My first thought was that God didn’t like everyone making fun of Mel Gibson and was letting us know, but it occurred to me that if God really cared that much about Mel Gibson then he/she wouldn’t have let him hit aliens in Halloween costumes with baseball bats in M. Night Shyamalan movies. How does one go from Gallipoli and Year of Living Dangerously to channeling Father Coughlin so easily? A .12 blood alcohol level doesn’t really explain it. I did find out though that Mel Gibson is one of the hostages to be named later being demanded by Hezbollah. I was sort of squinting funny at one of the pre-beard Mel Gibson photos and it did occur to me that Mel could be made up pretty easily to play George W. Bush, maybe in the fourth installment of Mad Max which is after all a series about what the world will be like if you give W. everything he wants.

In the meantime, my wife was going “This might be a major disaster and you’re calling magical creatures on the phone and riffing on Mel Gibson?”

She was right, Hagrid and I should have been communicating by owl, but all the birds and dogs in our neighborhood were making a huge post-earthquake noise party. I know that there’s been a lot of talk about using animals as earthquake predictors. I have to say that in our neighborhood the technology was just a little bit off with the timing.

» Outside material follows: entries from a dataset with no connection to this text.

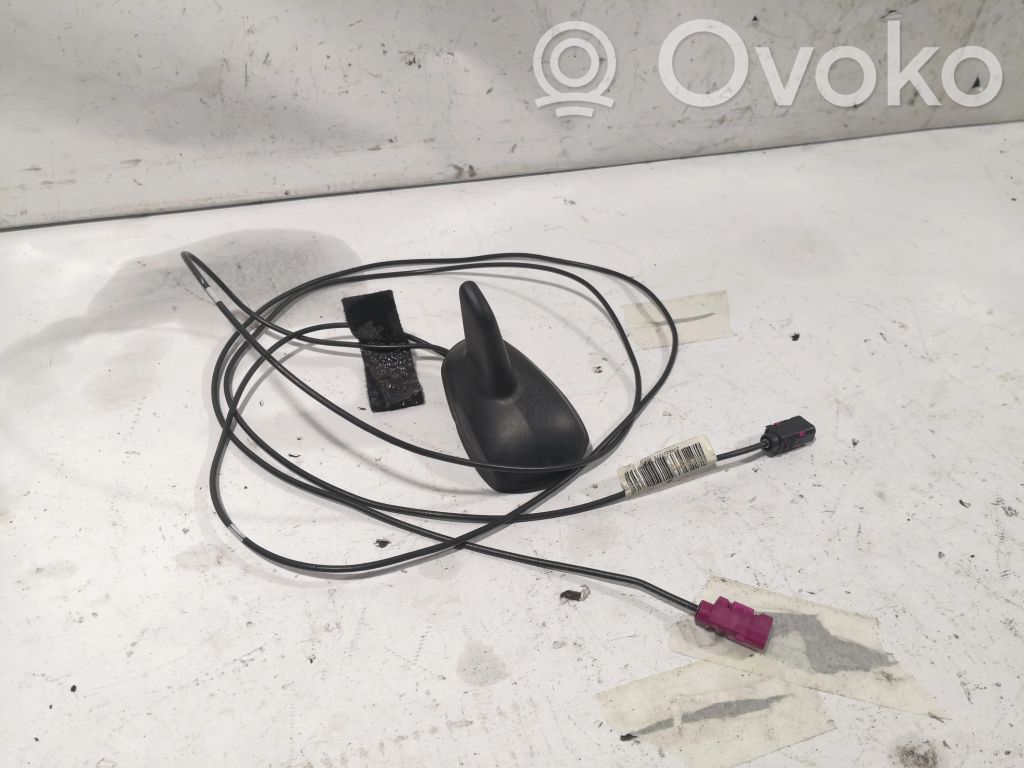 Mercedes-Benz C W204 Antena radiowa 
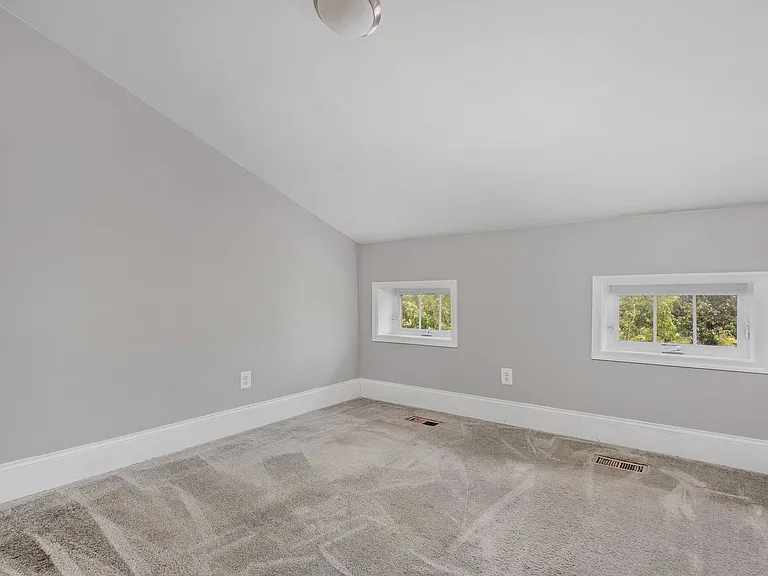 104 S Carrollton Ave — Photo 13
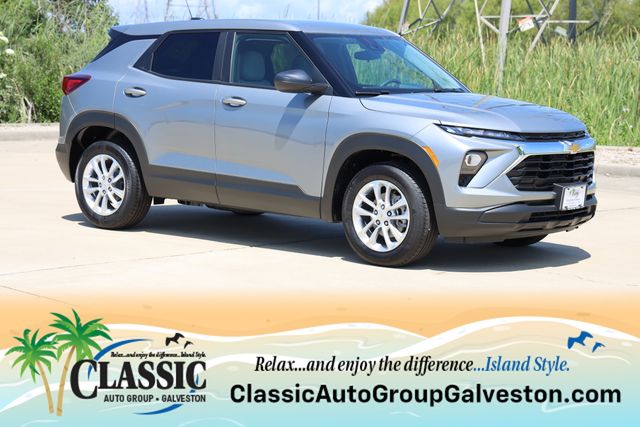Sterling Gray Metallic 2026 Chevrolet Trailblazer LS FWD SUV / Crossover Front-Wheel Drive Continuously Variable Transmission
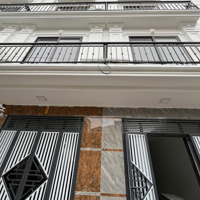 Nhà Thiết Kế Cực Đẹp 5T*33M2, Ở Luôn. Ngõ Rộng 4M. Gần Trục Chính. Cạnh Khu Gliximco-Giá Chỉ 3,9 Tỷ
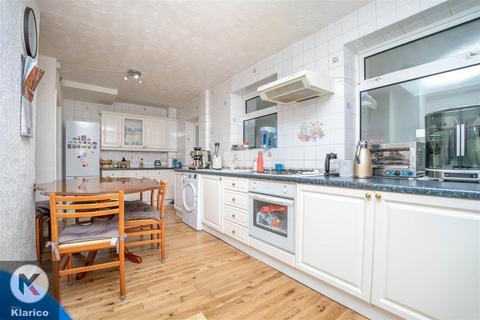 3 bedroom end of terrace house for sale, Billingsley Road, Birmingham B26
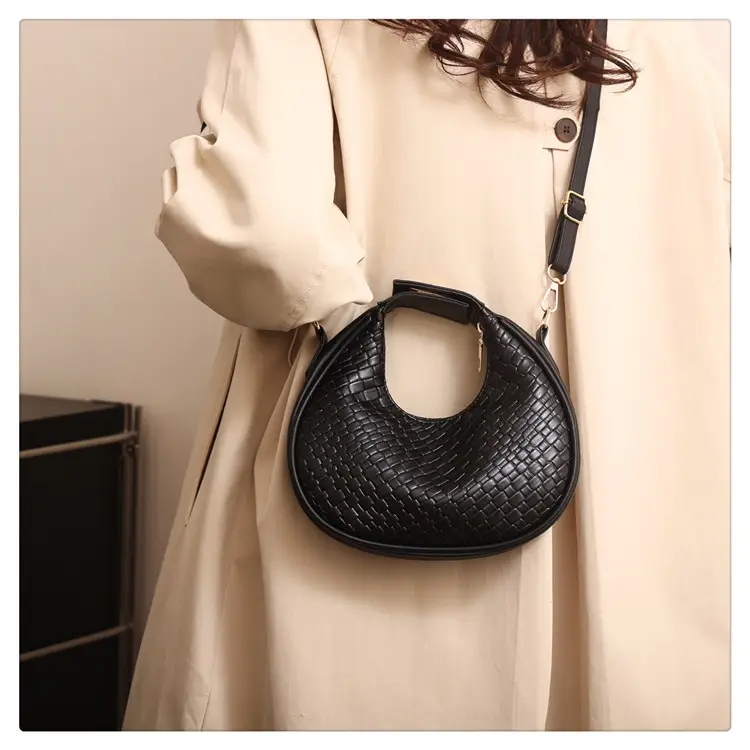 2023 Winter Women's Retro Shoulder Messenger Bag — feature 21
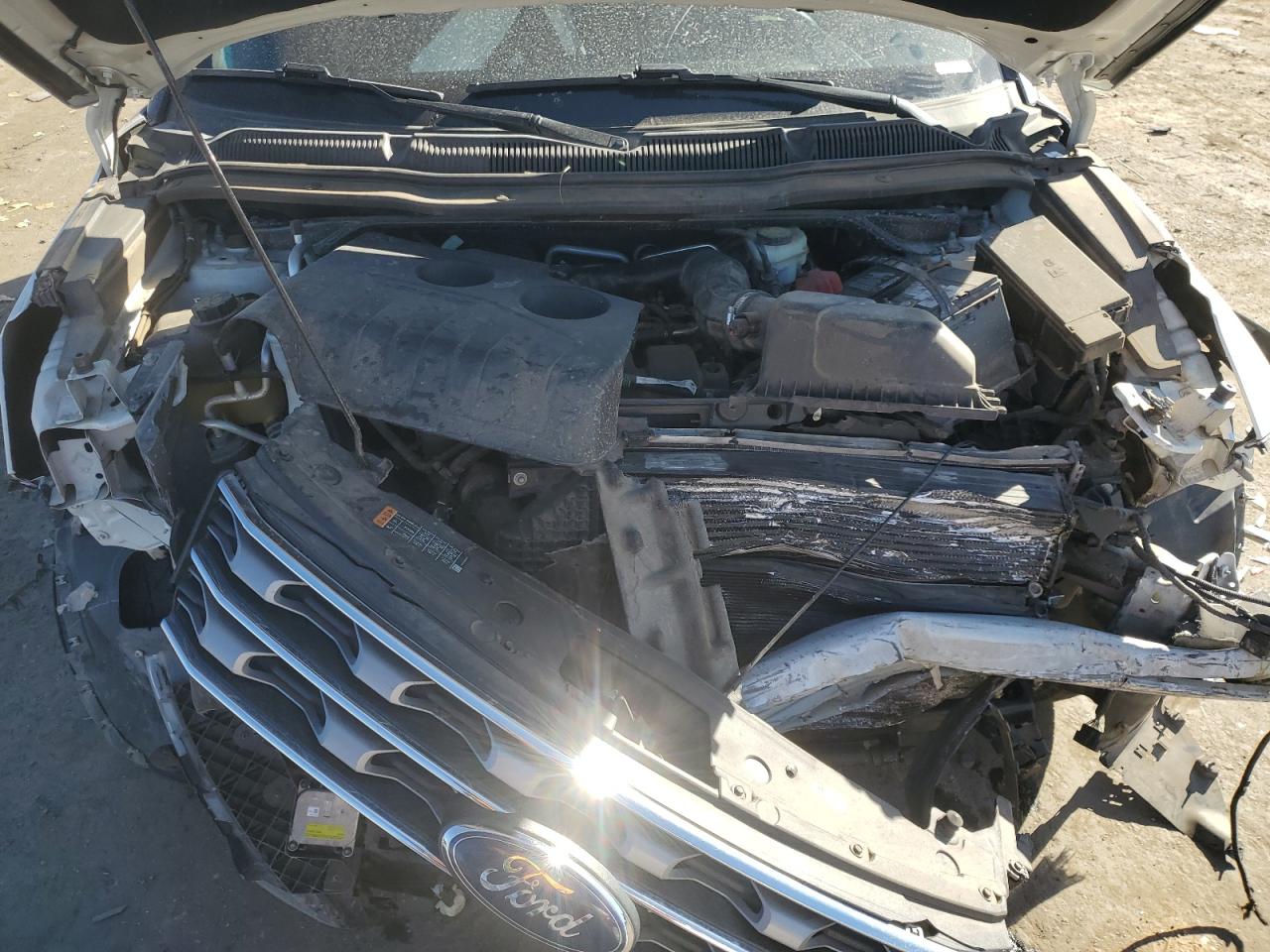 2016 Ford Explorer VIN 1FM5K8DH3GGC66320 Copart auction photo, front end damage thumbnail 11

In any case, Hagrid is a “Giant” and it struck me that the last time I felt an earthquake this big was in 1989 when the Giants were about to host their first World Series Game since Bobby Richardson’s outstretched glove in 1962. In 1989, the Giants not only got swept by the A’s, it was one of the worst routs in series history and the earthquake gave the only Bay Bridge Series in the two teams 40 years of co-existence in Northern California an unintended symbol in the cracking of the Bay Bridge.

It just happened that this little earthquake came in the midst of a Giants 9 game losing streak, though they did beat the Nationals yesterday afternoon. It’s clear to me though, if you really want to prevent earthquakes in Northern California, they need to give Brian Sabean a 200 million dollar payroll and some ability to recognize talent in baseball players who are younger than 34 or at least who weren’t playing in the majors during the 1989 season.

While I never want to be in a truly bad earthquake, I as a native Californian have come to love them in their way. They’re a regular reminder that nothing is permanent or completely predictable. Even hanging out with your family laughing at Friends reruns needs to be savored.



6 Comments:

At 8/03/2006 11:20:00 AM, Blogger inkyhack said...

I was in Sacramento on the second floor of a large building when the Loma Prieta quake hit. I remember feeling dizzy for a few seconds and wondering if I was getting sick. I then learned of the quake about 30 minutes later.
Didn't feel your quake. Too far away.

 
At 8/03/2006 12:30:00 PM, Blogger Chancelucky said...

It is interesting, I do remember the physical sensations that happened with the various quakes I've "felt" during my life in California. One time in about 1979, I was walking down the street in Oakland and momentarily found myself moved from the inside of the sidewalk to the outside part of the sidewalk.
I knew what it was, but my mind/body still registered it as "This is really weird".

 
At 8/04/2006 10:50:00 AM, Blogger benny06 said...

Wow--glad you are alright!

 
At 8/05/2006 03:18:00 PM, Blogger Chancelucky said...

Benny, thanks.

Unless you're right on top of it a 4.4 is not that big a deal....It's less dangerous than being in a car with Mel Gibson.

 
At 8/06/2006 07:10:00 PM, Anonymous Anonymous said...

This quake passed me by, alas; I was on a treadmill at the gym and had to be told about it. The Loma Prieta would've been hard to miss in San Francisco. I dived under my desk and turned off all the equipment and, yes, it felt very disconnected and weird afterwards. But my favorite quake reaction was in 1979, also in SF. I'd just finished reading a story or poem to a writers' group when it hit, so I was already in an altered state. There never was any feedback on that piece other than, oh wow. We immediately ended the session and headed off down the street for a drink.

 
At 8/06/2006 10:32:00 PM, Blogger Chancelucky said...

Hagrid,
Would you be willing to lend Mel a Hippogriff? It would be exciting to see him in ChutzpahHeart2.

Wordrunner,
This is synchronicity at its most serendipitous. I just spent the day shopping for a used treadmill with my daughter, we bought one at almost the moment you posted here about being on a treadmill during the earthquake.